Data for this task:
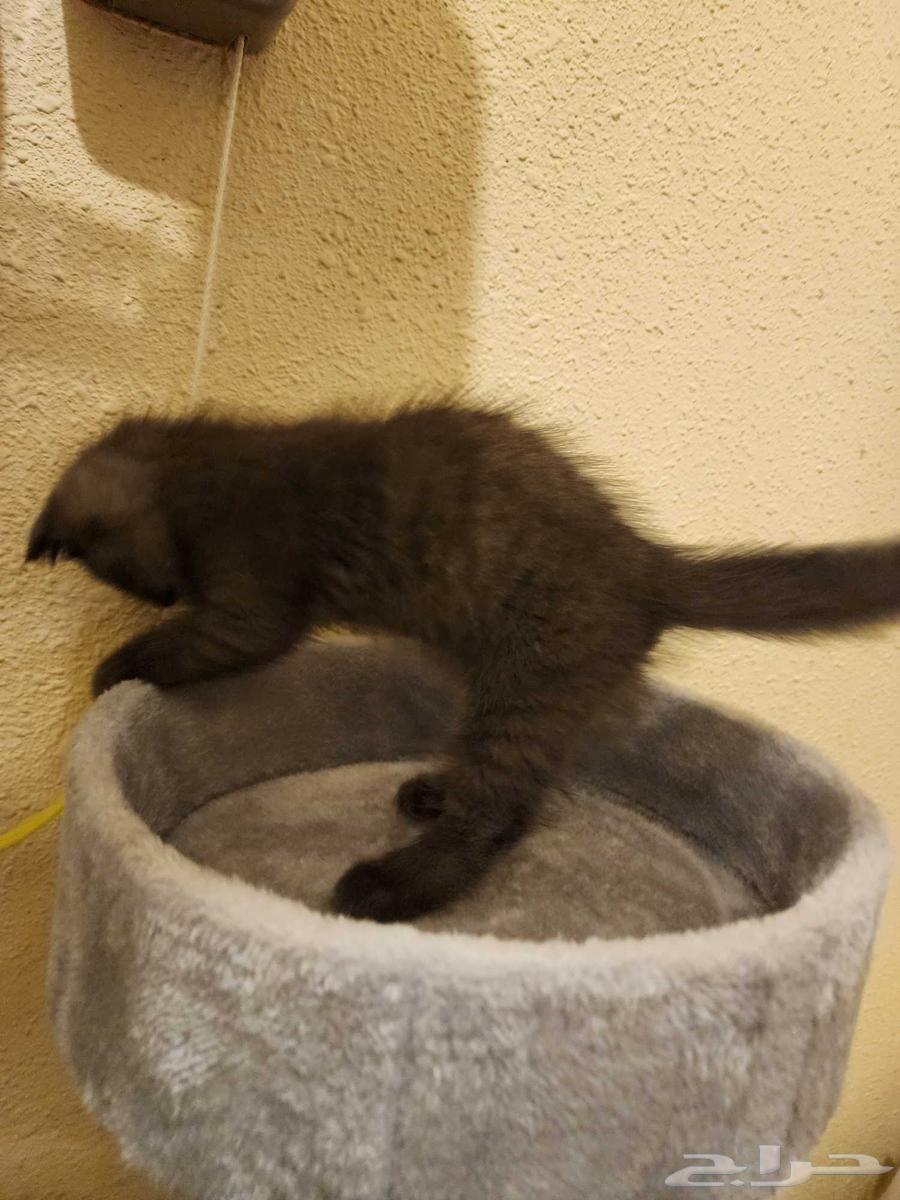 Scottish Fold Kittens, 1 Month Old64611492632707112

...

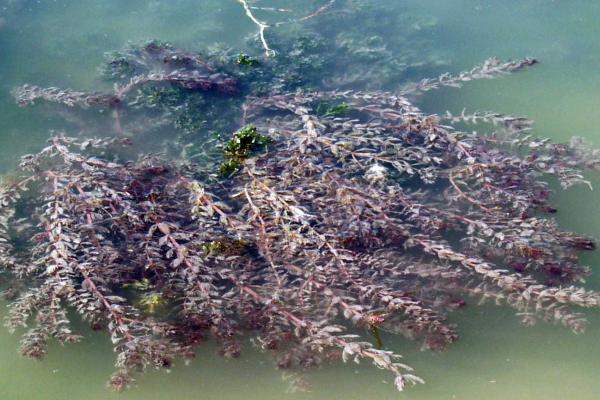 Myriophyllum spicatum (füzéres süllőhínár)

---

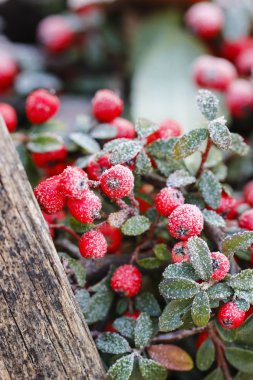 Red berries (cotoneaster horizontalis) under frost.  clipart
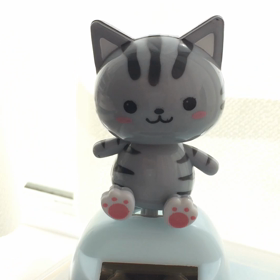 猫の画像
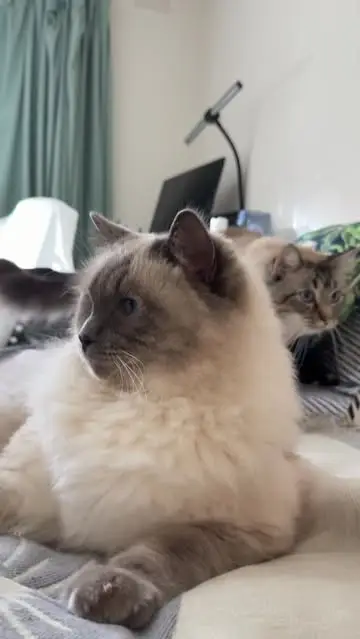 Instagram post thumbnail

How to complete this task:
With pictures excluded, reproduce exactly the lines above from the one containing "Red berries (cotoneaster" down to the one containing "Instagram post thumbnail", those two included.

Answer for the task:
 Red berries (cotoneaster horizontalis) under frost.  clipart
 猫の画像
 Instagram post thumbnail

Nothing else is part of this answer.